#### How to complete this task
Look for the line containing "view of front" in the entries below, then print that line and all that follow it exactly.

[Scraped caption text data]

● ● ● ● ● ● ●

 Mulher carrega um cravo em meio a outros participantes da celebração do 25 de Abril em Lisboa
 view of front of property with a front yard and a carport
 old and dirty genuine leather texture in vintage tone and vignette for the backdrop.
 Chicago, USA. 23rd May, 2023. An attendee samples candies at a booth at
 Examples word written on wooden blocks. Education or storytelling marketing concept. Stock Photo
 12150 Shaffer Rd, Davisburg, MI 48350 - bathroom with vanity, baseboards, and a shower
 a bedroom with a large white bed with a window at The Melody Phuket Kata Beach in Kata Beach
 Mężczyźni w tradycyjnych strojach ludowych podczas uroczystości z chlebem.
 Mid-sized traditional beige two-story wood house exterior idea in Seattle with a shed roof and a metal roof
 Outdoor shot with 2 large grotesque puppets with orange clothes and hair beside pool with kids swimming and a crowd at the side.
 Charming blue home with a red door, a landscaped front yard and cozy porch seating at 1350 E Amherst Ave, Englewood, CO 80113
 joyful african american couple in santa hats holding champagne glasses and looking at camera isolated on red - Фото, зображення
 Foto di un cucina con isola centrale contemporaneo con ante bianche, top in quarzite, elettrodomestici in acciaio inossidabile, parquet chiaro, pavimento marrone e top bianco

● ● ● ● ● ● ●

#### Task solution
 view of front of property with a front yard and a carport
 old and dirty genuine leather texture in vintage tone and vignette for the backdrop.
 Chicago, USA. 23rd May, 2023. An attendee samples candies at a booth at
 Examples word written on wooden blocks. Education or storytelling marketing concept. Stock Photo
 12150 Shaffer Rd, Davisburg, MI 48350 - bathroom with vanity, baseboards, and a shower
 a bedroom with a large white bed with a window at The Melody Phuket Kata Beach in Kata Beach
 Mężczyźni w tradycyjnych strojach ludowych podczas uroczystości z chlebem.
 Mid-sized traditional beige two-story wood house exterior idea in Seattle with a shed roof and a metal roof
 Outdoor shot with 2 large grotesque puppets with orange clothes and hair beside pool with kids swimming and a crowd at the side.
 Charming blue home with a red door, a landscaped front yard and cozy porch seating at 1350 E Amherst Ave, Englewood, CO 80113
 joyful african american couple in santa hats holding champagne glasses and looking at camera isolated on red - Фото, зображення
 Foto di un cucina con isola centrale contemporaneo con ante bianche, top in quarzite, elettrodomestici in acciaio inossidabile, parquet chiaro, pavimento marrone e top bianco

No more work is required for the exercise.